然而在考察歷史的轉換期之際,一般大多會採取比較的方式,考察從轉換前的世界和時代過渡到另一個新的世界或時代的情況。在已經明白轉換後的新的世界(時代)的結構和特徵時,便適合採取這種考察方法。然而,在本書中卻難以採取這種考察方法。這是因為在一般歷史研究者之間,對近代這個時期已逐漸邁向尾聲一事,雖說已有共識,但對「現代」的基本結構和特質究竟為何,卻尚未達成明確共識。這也是儘管二十世紀已經過很長一段時間,卻仍未出現讓歷史學界,甚至是關心歷史的人們能夠接納的,二十世紀的歷史概觀或二十世紀史的原因之一。故而此刻最為適切的解釋,是假定「現代」存在於各式各樣環環相扣的摸索之中。因此,我們在本書中選擇的考察方法,也是在這樣的摸索之中尋求理解「現代」的線索。

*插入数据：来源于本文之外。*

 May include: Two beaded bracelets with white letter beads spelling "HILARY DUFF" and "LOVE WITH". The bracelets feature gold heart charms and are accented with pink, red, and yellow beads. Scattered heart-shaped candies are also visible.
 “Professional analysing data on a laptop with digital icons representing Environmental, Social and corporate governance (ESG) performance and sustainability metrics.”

本書中談到的俄國、美國、德國、中國,是在近代解體後最早率先摸索「現代」的國家,我們應當可以在其成果和失敗中發掘出思索「現代」的重要線索。
在進入各章之前,我們要先確認,宣告近代結束的第一次世界大戰所引起,並有待解決的各項主要課題(在此暫且稱之為「大戰的遺產」)。由於各個國家、社會和地區的情況都不同,因此大戰遺產的內容也相當多樣化,此處焦點將集中在影響力巨大的主要參戰國之上。
構築新的國際體系
第一次世界大戰爆發的瞬間,十九世紀歐洲的國際體系,也就是列強互相抗衡維持歐洲平衡的國際體系,便已蕩然無存。重視歐洲維持列強均勢的國際體系的理由,非是出現在十九世紀的近代,即是歐洲近代,之所以能夠發展、扎根,正是因為列強均勢的國際體系維持了一個較為和平穩定的國際環境。在南北美洲或中國所處的東亞世界,當時各國雖然也確實維持著領域獨立自主的狀態,但其力量卻不足以跨越各自的領域,進而規範整體國際社會。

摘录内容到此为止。